How Icelanders are grieving the loss of 'dead' and melting glaciers

Iceland’s glaciers are disappearing. For locals, it’s a profoundly sad loss.

LAST UPDATE | 5 Oct

“I’VE HAD SOME of the best times of my life up here exploring the glacier, its landscape, how it changes, but now it’s going away and it feels like I have limited time with it.”

Esther Jónsdóttir is a writer and PhD student from Reykjavík, the capital of Iceland, a country known for its geographical beauties like hot springs, volcanoes and glaciers.

Esther spent time as a glacier tour guide, taking groups to see and learn about the large swatches of ice that cover significant sections of the country’s landmass, and says that some of her most treasured memories from throughout her life have been from spending time on glaciers.

But Iceland’s glaciers are disappearing.

As part of a conference of researchers and journalists in Iceland this week, The Journal visited Sólheimajökull, a prominent glacier in southern Iceland.

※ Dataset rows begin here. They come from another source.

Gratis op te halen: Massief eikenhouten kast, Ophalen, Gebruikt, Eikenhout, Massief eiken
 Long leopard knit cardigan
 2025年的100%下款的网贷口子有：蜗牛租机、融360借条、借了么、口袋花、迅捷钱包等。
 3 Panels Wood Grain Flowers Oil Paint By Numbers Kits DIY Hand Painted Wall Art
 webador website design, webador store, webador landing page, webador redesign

Over the last century, Sólheimajökull has retreated by about 2,000 metres, leaving behind a lake where the glacier once covered the valley.

As the glacier melts, it’s not only retreating to cover less area, but also shrinking in size and becoming thinner and more fragile.

“This glacier, along with the other glaciers in Iceland, is melting. This glacier has become one of those glaciers that we have really seen [melting] with our eyes in the past years,” said Esther.

“I first came here in 2015 and coming now ten years later, it’s a very different place,” she said.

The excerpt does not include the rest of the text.